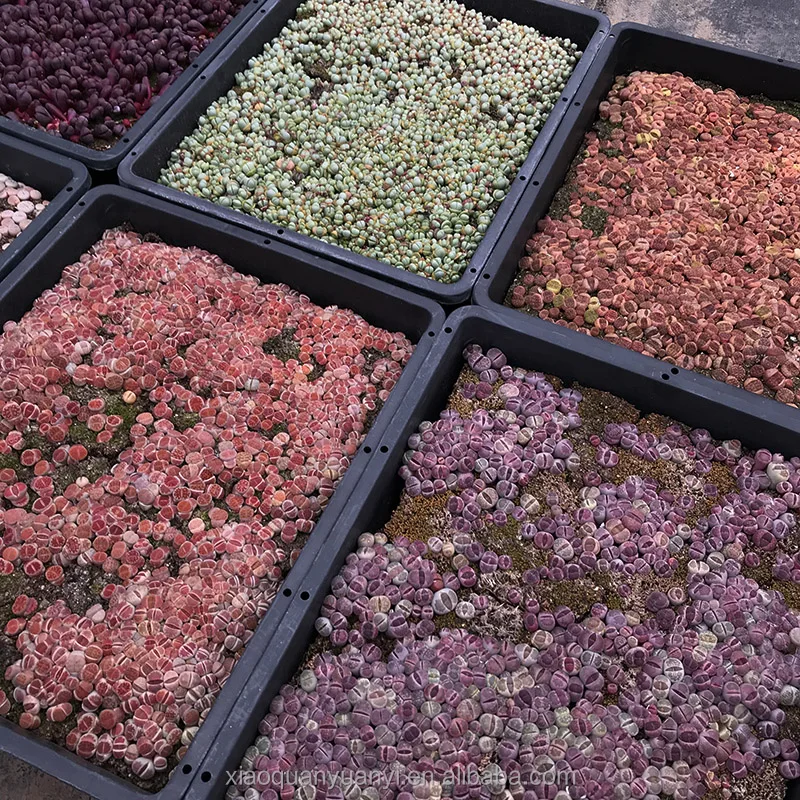 
violet Lithops in bonsai Wholesale sales of all kinds of Dendrobium lithops 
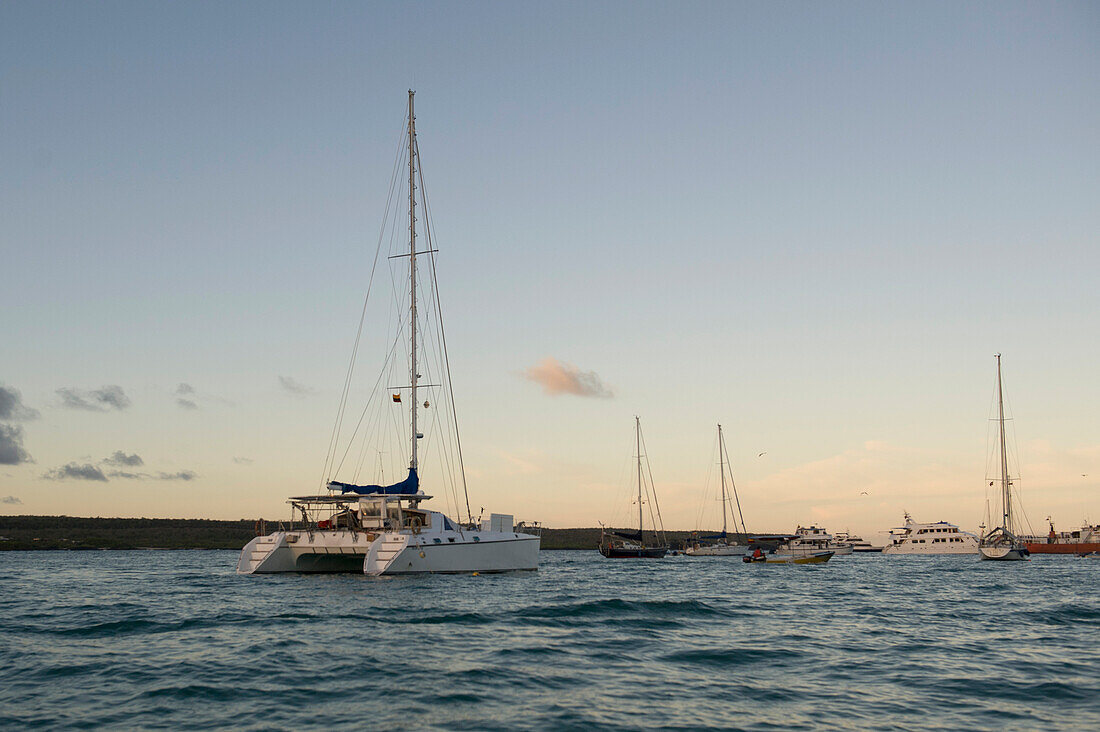 Boats In Puerto Ayora Harbor Off Santa Cruz Island At Dusk; Galapagos Equador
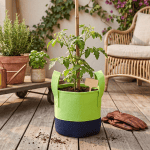 Grow Bag 10L Parrot Green - Image 2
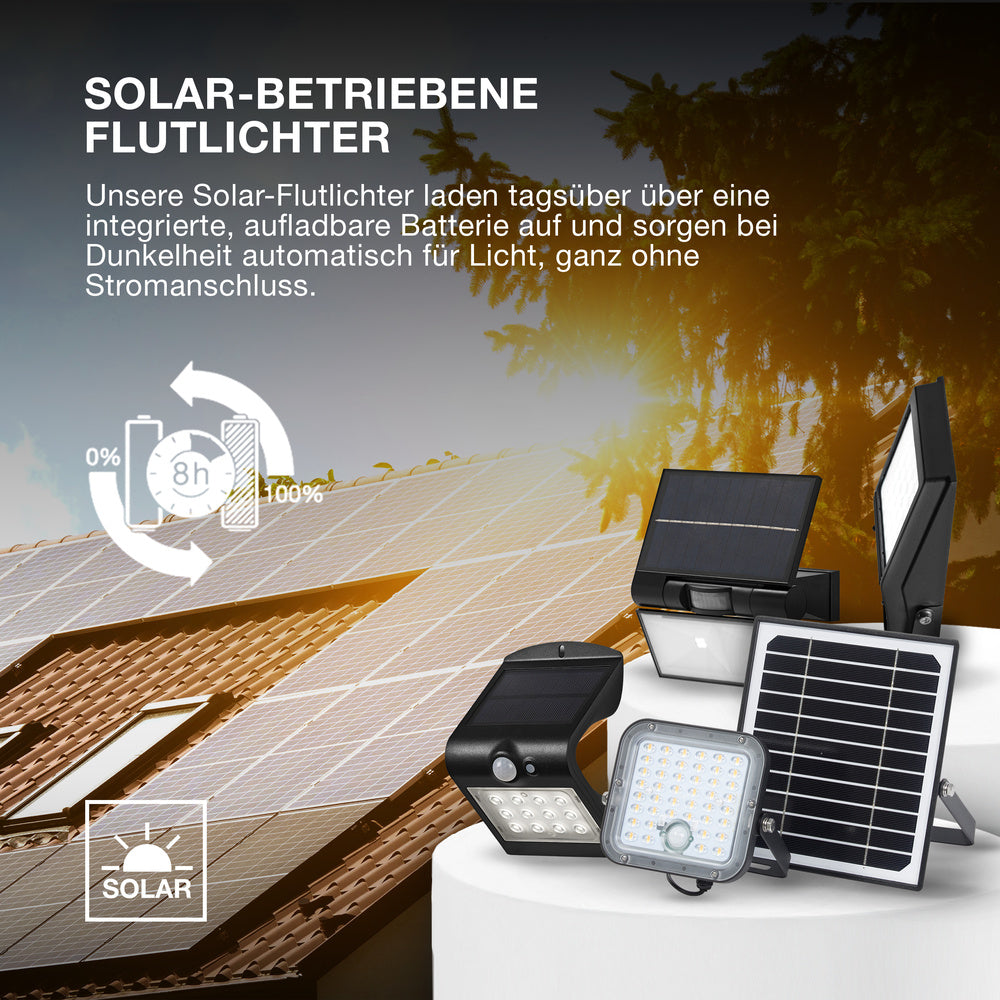 OSRAM ENDURA BUTTERFLY Solar-Flutlicht, schwarz, 1,5W, 200lm, Bewegungs- & Lichtsensor, Outdoor-Leuchte, Batterie aufladbar, lange Lebensdauer, einfache Montage, IP65, 4000K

---+---

◆ **What the task asks**: Could you restate exactly the lines from the line containing "Boats In Puerto" through the end of the listing, both ends included and nothing else, leaving the images out?

◆ **Response to the task**:
 Boats In Puerto Ayora Harbor Off Santa Cruz Island At Dusk; Galapagos Equador
 Grow Bag 10L Parrot Green - Image 2
 OSRAM ENDURA BUTTERFLY Solar-Flutlicht, schwarz, 1,5W, 200lm, Bewegungs- & Lichtsensor, Outdoor-Leuchte, Batterie aufladbar, lange Lebensdauer, einfache Montage, IP65, 4000K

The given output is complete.